* _Work instructions_
The required result is an exact copy of the lines beginning at the line that contains "برابوس 800 - مرسيدس-AMG" and ending at the last line of the material below.

* _The data_
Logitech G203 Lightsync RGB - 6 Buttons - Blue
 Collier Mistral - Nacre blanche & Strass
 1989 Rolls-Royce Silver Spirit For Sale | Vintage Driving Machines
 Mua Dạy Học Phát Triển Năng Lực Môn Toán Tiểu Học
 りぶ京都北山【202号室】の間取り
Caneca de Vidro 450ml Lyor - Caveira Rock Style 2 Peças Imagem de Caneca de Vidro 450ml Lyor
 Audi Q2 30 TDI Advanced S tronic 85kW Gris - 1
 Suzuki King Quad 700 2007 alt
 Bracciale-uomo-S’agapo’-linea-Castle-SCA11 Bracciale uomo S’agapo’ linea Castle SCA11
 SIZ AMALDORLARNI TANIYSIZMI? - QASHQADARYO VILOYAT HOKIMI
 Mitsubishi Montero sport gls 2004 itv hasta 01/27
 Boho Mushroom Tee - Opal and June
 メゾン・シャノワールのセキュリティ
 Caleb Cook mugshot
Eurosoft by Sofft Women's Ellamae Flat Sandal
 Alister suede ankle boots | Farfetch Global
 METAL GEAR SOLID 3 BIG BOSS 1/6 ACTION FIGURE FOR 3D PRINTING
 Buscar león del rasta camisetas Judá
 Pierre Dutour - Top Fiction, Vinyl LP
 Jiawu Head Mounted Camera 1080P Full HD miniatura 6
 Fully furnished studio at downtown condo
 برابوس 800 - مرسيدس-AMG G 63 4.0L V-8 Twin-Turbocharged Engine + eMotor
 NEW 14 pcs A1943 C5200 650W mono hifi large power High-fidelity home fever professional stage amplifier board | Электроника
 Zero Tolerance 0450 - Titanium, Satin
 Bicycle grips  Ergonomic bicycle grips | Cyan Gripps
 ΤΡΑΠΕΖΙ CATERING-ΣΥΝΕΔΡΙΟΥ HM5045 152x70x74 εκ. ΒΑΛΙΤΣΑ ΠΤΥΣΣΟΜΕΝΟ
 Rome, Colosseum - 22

* _Solution to the problem_
 برابوس 800 - مرسيدس-AMG G 63 4.0L V-8 Twin-Turbocharged Engine + eMotor
 NEW 14 pcs A1943 C5200 650W mono hifi large power High-fidelity home fever professional stage amplifier board | Электроника
 Zero Tolerance 0450 - Titanium, Satin
 Bicycle grips  Ergonomic bicycle grips | Cyan Gripps
 ΤΡΑΠΕΖΙ CATERING-ΣΥΝΕΔΡΙΟΥ HM5045 152x70x74 εκ. ΒΑΛΙΤΣΑ ΠΤΥΣΣΟΜΕΝΟ
 Rome, Colosseum - 22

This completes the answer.